My program has the following structure, but unfortunately that code does not reproduce the bug. I'm willing to answer any questions and if it will help I can post some partial code of my app, which won't compile due to being partial, but may help you with the analysis of the situation.

In the actual program in the eater and feeder functions there happen HTTP and database requests.

import Control.Monad
import Control.Monad.Trans
import Control.Concurrent
import Control.Concurrent.STM
import Control.Concurrent.STM.TBQueue
import qualified Data.Vector as Vector

main = do
  valuesQueue <- atomically $ newTBQueue 50000

  forkIO $ runEater valuesQueue

  runFeeder valuesQueue 0


runFeeder valuesQueue offset = do
  putStrLn $ "Feeding " ++ show feederBatchSize ++ " values"
  let values = replicate feederBatchSize $ "A"
  if offset >= 10000000
    then putStrLn "Reached the end"
    else do
      atomically $ forM_ values $ writeTBQueue valuesQueue
      runFeeder valuesQueue (offset + feederBatchSize)

runEater valuesQueue = do
  values <- atomically $ 
    Vector.replicateM eaterBatchSize (readTBQueue valuesQueue)
  putStrLn $ "Eating " ++ (show $ Vector.length values) ++ " values"
  runEater valuesQueue 



feederBatchSize = 10000
eaterBatchSize = 500

comment:4 Changed 15 months ago by igloo

  • Difficulty set to Unknown
  • Owner set to simonmar

I don't know how feasible fixing this will be without a way to reproduce it.
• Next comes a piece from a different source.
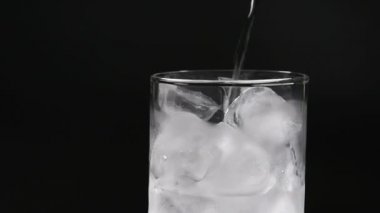 Cam bardak buz ve su siyah arka plan üzerine.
Are you able to test it with GHC 7.6.2, or better still, HEAD, please?

Assigning to Simon, who I think is most familiar with this code.

comment:5 Changed 15 months ago by mojojojo

  • Version changed from 7.4.2 to 7.6.1

Tested my app on 7.6.1. The message still appears, although on higher loads now.

amazon-data-importer: internal error: threadStackUnderflow: not enough space for return values
    (GHC version 7.6.1 for x86_64_apple_darwin)
    Please report this as a GHC bug:  http://www.haskell.org/ghc/reportabug
Abort trap: 6

comment:6 Changed 15 months ago by mojojojo

I take the statement of it depending on loads back. Here's the video that describes the issue clearly:
http://screencast.com/t/1qltqzTG

comment:7 Changed 15 months ago by simonmar

Could I get you to do some debugging for me? I need you to compile the program with -debug, and then run it under gdb. When it crashes, you should be able to say bt and get a backtrace that includes threadStackUnderflow, in particular this bit of code:

        // we have some return values to copy to the old stack
        if ((W_)(new_stack->sp - new_stack->stack) < retvals)
        {
            barf("threadStackUnderflow: not enough space for return values");
        }

I need to know the values of retvals, new_stack->sp, and new_stack->sp.

I think this crash can occur, but it should be very very very rare. Before I fix it, I need to ensure that something else hasn't gone wrong to cause this crash to happen, because then I'd need to find the root cause before adding a workaround.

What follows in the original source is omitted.